* [YOUR INSTRUCTIONS]
Starting with the line that contains "this 768×509 image.", return every line through the end of the listing below exactly as written. Omit the pictures.
*** Opening of DATA UNDER STUDY ***
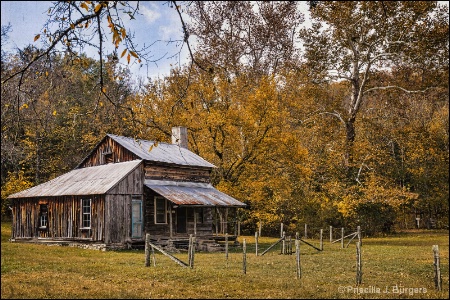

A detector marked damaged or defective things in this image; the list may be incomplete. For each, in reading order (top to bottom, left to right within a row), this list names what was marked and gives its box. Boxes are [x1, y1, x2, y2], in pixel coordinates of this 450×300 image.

rusty tin roof [8, 159, 142, 199]
rusty tin roof [145, 179, 246, 207]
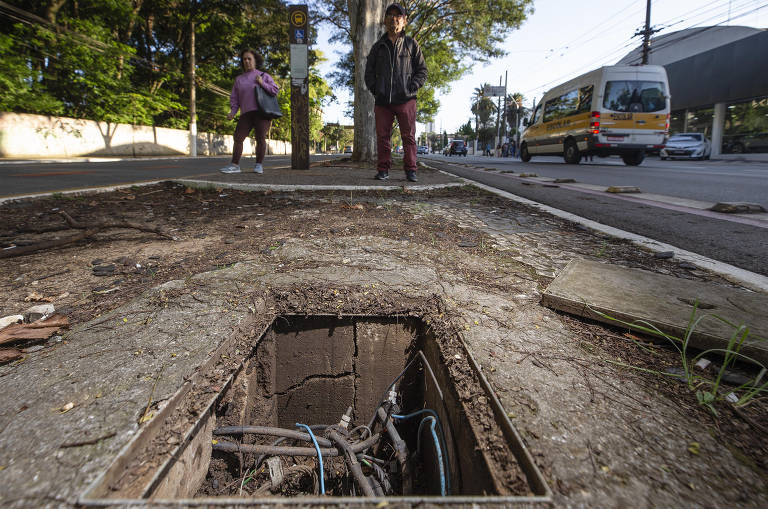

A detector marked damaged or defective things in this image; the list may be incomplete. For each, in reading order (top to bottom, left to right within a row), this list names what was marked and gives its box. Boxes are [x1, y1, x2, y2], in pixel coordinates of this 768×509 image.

missing manhole cover [82, 314, 552, 504]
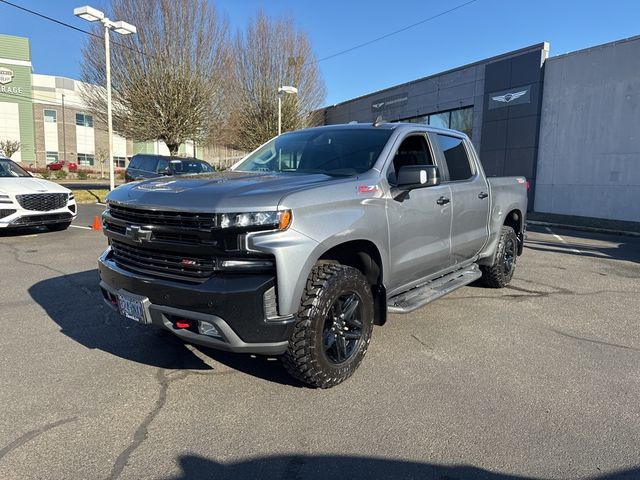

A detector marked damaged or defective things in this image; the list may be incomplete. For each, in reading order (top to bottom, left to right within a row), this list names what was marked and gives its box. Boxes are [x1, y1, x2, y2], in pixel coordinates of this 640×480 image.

parking lot crack [0, 416, 77, 462]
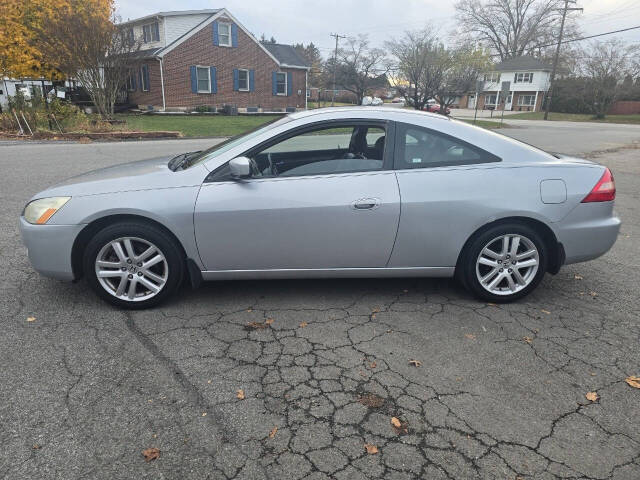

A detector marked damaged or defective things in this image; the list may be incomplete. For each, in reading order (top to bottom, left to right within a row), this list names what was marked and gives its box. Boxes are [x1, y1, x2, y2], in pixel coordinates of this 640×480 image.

cracked asphalt [1, 132, 640, 480]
*** Close of DATA UNDER STUDY ***
* [RESPONSE TO THE TASK]
A detector marked damaged or defective things in this image; the list may be incomplete. For each, in reading order (top to bottom, left to right within a row), this list names what was marked and gives its box. Boxes are [x1, y1, x2, y2], in pixel coordinates of this 768×509 image.

missing manhole cover [82, 314, 552, 504]

A detector marked damaged or defective things in this image; the list may be incomplete. For each, in reading order (top to bottom, left to right within a row), this list names what was marked and gives its box. Boxes are [x1, y1, x2, y2], in pixel coordinates of this 640×480 image.

parking lot crack [0, 416, 77, 462]

A detector marked damaged or defective things in this image; the list may be incomplete. For each, in reading order (top to bottom, left to right within a row), this list names what was marked and gives its box. Boxes are [x1, y1, x2, y2], in pixel coordinates of this 640×480 image.

cracked asphalt [1, 132, 640, 480]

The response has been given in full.